Last month the 2018 Edelman Trust Barometer revealed that 74% of Australians trust the businesses that they work for, an increase of 20 points from the previous year. In addition, 64% of those surveyed say that CEOs should take the lead on change rather than waiting for government to impose it, while 69% say that building a trusted company should be top priority for CEOs.
This signals that enterprise must take more concrete steps in making positive changes in the country, an important conclusion from the annual global survey which expressed concern for “a world of seemingly stagnant distrust.”

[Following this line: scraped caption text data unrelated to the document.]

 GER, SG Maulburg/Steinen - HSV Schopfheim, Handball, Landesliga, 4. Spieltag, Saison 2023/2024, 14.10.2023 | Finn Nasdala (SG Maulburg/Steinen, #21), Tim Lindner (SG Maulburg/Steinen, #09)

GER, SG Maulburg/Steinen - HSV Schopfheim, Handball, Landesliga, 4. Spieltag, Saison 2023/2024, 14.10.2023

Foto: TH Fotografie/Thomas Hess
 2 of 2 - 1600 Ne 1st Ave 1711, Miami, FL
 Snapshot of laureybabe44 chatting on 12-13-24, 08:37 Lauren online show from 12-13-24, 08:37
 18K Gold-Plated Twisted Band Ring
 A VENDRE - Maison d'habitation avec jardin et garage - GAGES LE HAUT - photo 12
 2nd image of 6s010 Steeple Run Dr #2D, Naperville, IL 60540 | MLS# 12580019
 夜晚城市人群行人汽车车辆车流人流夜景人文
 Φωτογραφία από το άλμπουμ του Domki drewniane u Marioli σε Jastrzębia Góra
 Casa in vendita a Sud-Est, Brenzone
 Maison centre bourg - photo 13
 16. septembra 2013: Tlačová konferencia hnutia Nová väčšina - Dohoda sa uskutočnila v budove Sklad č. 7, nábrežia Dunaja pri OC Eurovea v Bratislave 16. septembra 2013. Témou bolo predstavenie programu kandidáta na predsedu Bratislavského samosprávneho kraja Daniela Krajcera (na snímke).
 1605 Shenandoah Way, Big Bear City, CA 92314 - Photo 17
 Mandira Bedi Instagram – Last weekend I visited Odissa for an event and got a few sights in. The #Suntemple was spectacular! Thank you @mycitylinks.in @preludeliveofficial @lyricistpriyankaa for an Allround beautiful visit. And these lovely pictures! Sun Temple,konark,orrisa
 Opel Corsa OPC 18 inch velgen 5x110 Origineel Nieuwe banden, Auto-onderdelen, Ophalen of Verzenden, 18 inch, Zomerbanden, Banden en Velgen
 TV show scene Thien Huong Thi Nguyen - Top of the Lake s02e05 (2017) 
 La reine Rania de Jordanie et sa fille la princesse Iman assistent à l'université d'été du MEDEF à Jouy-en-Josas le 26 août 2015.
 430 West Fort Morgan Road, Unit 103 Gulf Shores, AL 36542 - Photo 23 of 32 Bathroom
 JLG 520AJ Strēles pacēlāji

The onus is on CEOs to become authorities on issues and policy, as 84% expect CEOs to inform conversations and policy debates on issues such as jobs, the economy, automation, regulations and globalisation. Business credibility on issues is high; people are as likely to believe major corporations as major news organisations.
Overall, trust has declined in all four Australian institutions (government, business, NGO and media), scoring 40 points in the Trust Index among the general population and 55 points among the informed public, which places Australia at the bottom half of the 28 markets in the survey.
Media is the least trusted institution globally, but even more alarmingly, only 31% of Australians trust media in general, making it the second lowest among all countries polled. 7 in 10 Australians worry about fake news being used as a weapon, and 52% trust journalism vs 35% in platforms (social media, search engine results).